* RECORD SET
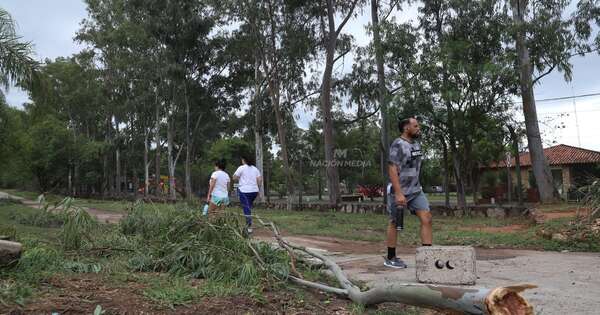 La Nación / Cierran parque Ñu Guasu tras destrozos causados por la tormenta - OJO Galería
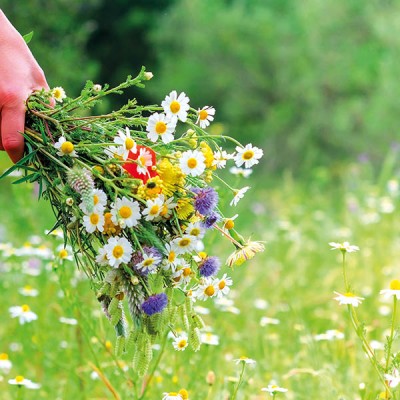 TRADITIONAL WILDFLOWER SEED MIXTURES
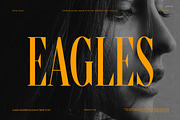 Eagles Serif Font, a Serif Font by Perfectype (Thumbnail 1 of 8)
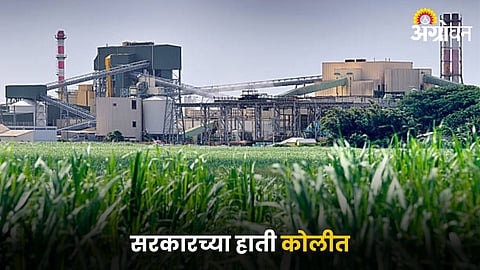 Sugar Industry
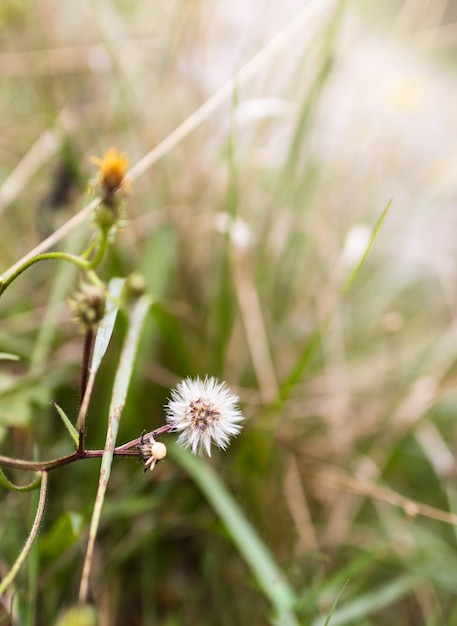 Löwenzahn Pflanze Blume im Wald Nahaufnahme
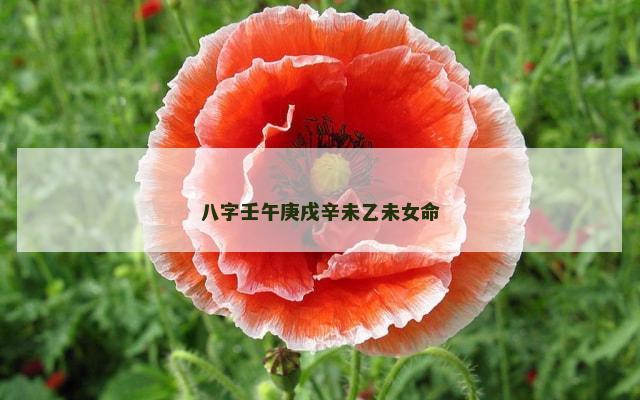 八字壬午庚戌辛未乙未女命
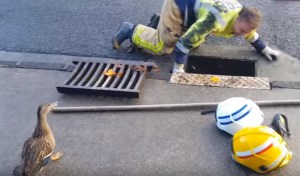 ¡Momento awww! Mamá pato pide ayuda a bomberos para rescatar a sus patitos (VIDEO)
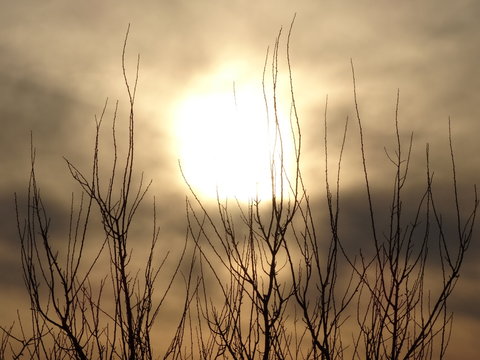 sunset on the river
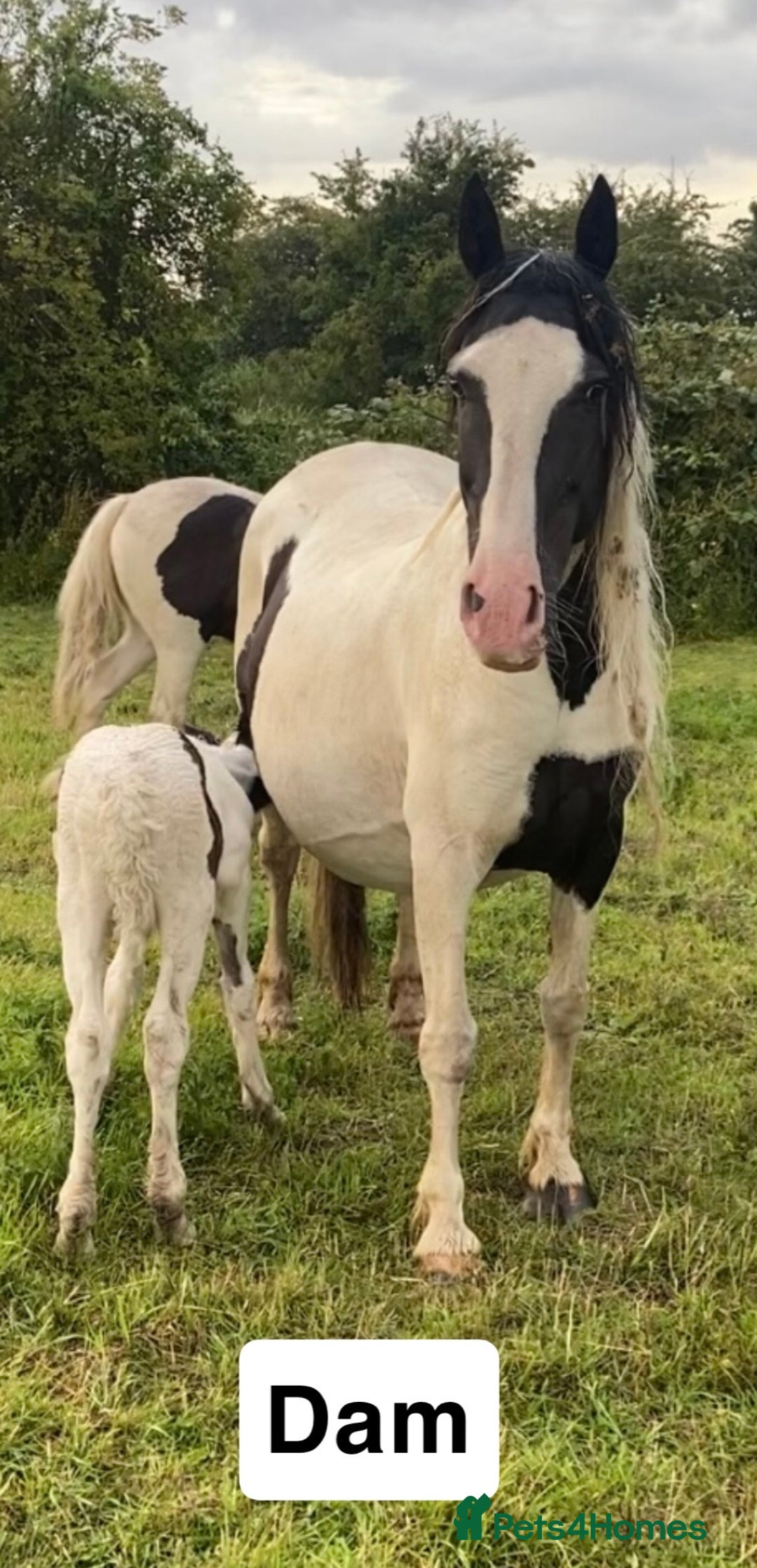 Irish Cob horses for sale: Filly for full loan or sale  - Advert 17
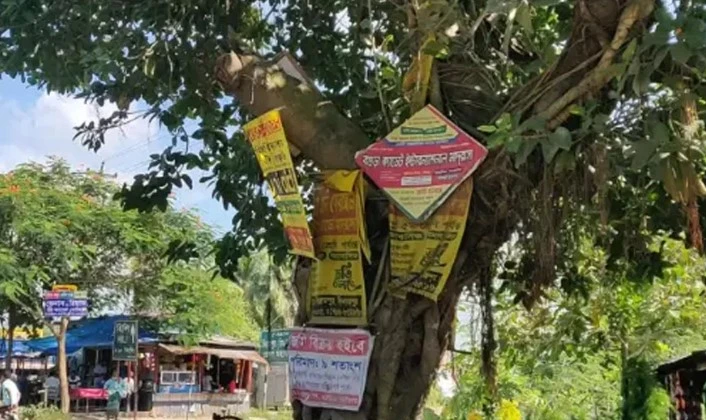 গাছ রক্ষায় কড়াকড়ি, পেরেক ঠুকলেই জরিমানা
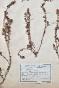 Botanical - 19th Herbarium Board - Dried plants - Primulaceae 43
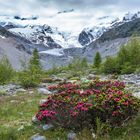 Gletscher auf dem Rückzug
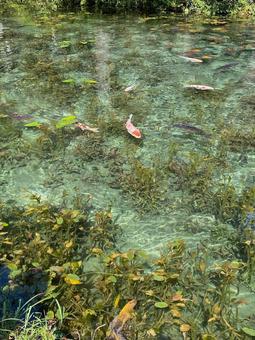 岐阜　モネの池の写真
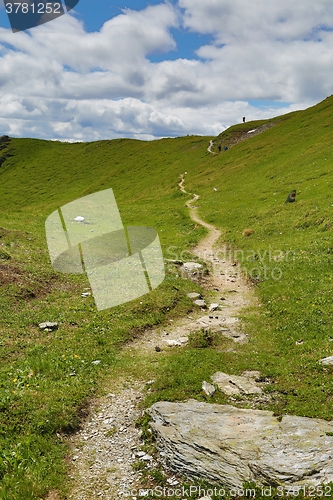 Image of Hilly Landscape Path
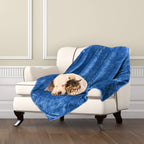 Msicyness premium plush fleece dog blanket front view showing soft fuzzy texture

* DIRECTIONS
The pictures stay out; everything else in the records above must be repeated exactly.

* WRITTEN REPLY
 La Nación / Cierran parque Ñu Guasu tras destrozos causados por la tormenta - OJO Galería
 TRADITIONAL WILDFLOWER SEED MIXTURES
 Eagles Serif Font, a Serif Font by Perfectype (Thumbnail 1 of 8)
 Sugar Industry
 Löwenzahn Pflanze Blume im Wald Nahaufnahme
 八字壬午庚戌辛未乙未女命
 ¡Momento awww! Mamá pato pide ayuda a bomberos para rescatar a sus patitos (VIDEO)
 sunset on the river
 Irish Cob horses for sale: Filly for full loan or sale  - Advert 17
 গাছ রক্ষায় কড়াকড়ি, পেরেক ঠুকলেই জরিমানা
 Botanical - 19th Herbarium Board - Dried plants - Primulaceae 43
 Gletscher auf dem Rückzug
 岐阜　モネの池の写真
 Image of Hilly Landscape Path
 Msicyness premium plush fleece dog blanket front view showing soft fuzzy texture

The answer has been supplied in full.